*** DATA PROVIDED ***
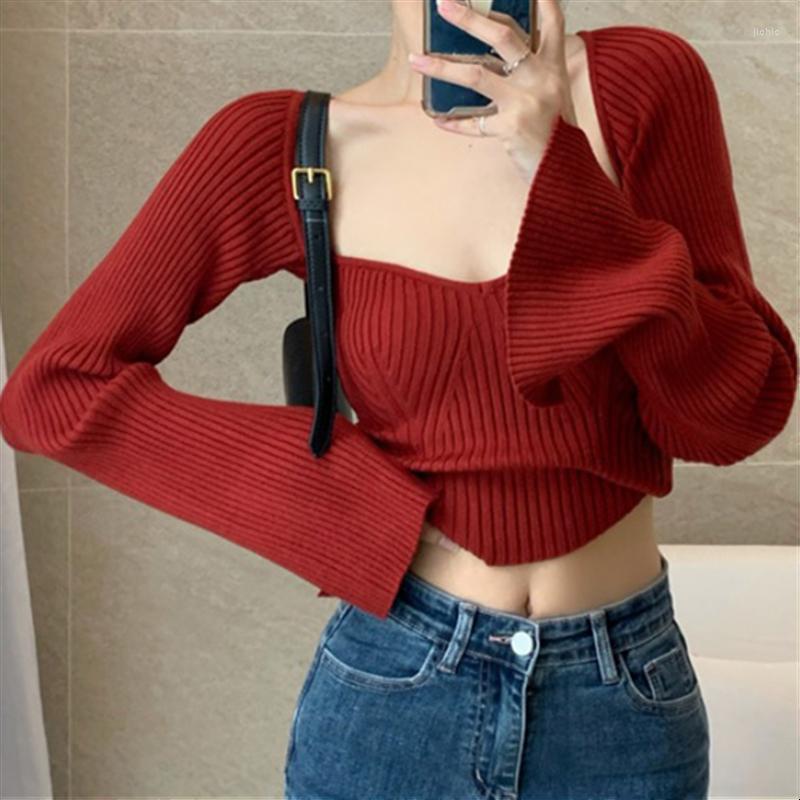 Womens Sweaters Clothes Korean Autumn Knitted Pullover Elegant Knitwear Solid Feminino Cute Sweater Women Loose 2023 Vintage Winter Jumper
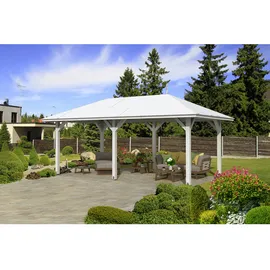 SKANHOLZ Orleans 1 3,74 x 6,56 m weiß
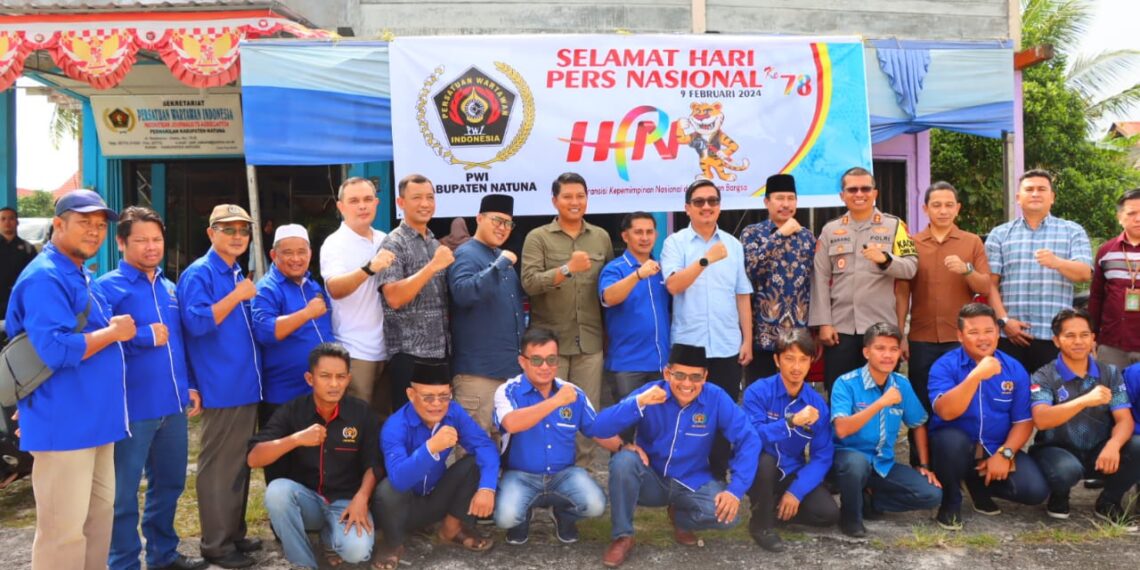 Danlanud RSA Natuna Hadiri Peringatan HPN PWI : Pers Mitra Strategis TNI dalam Menjaga Keutuhan NKRI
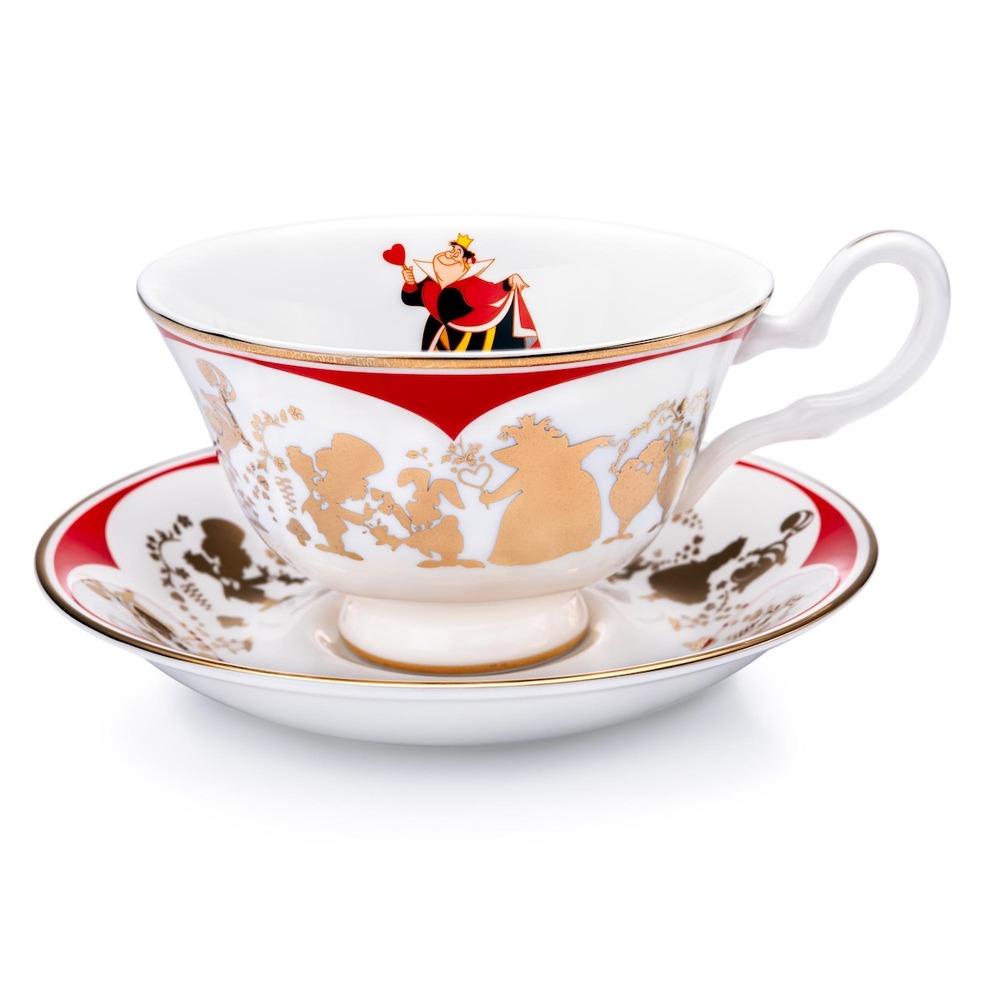 Disney English Ladies: Queen of Hearts Decorative Cup &#x26; Saucer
*** End of DATA PROVIDED ***
* **TASK INSTRUCTIONS**: When you retype the listing, keep every line exactly as it is and drop the pictures.

* **COMPLETED TASK**:
 Womens Sweaters Clothes Korean Autumn Knitted Pullover Elegant Knitwear Solid Feminino Cute Sweater Women Loose 2023 Vintage Winter Jumper
 SKANHOLZ Orleans 1 3,74 x 6,56 m weiß
 Danlanud RSA Natuna Hadiri Peringatan HPN PWI : Pers Mitra Strategis TNI dalam Menjaga Keutuhan NKRI
 Disney English Ladies: Queen of Hearts Decorative Cup &#x26; Saucer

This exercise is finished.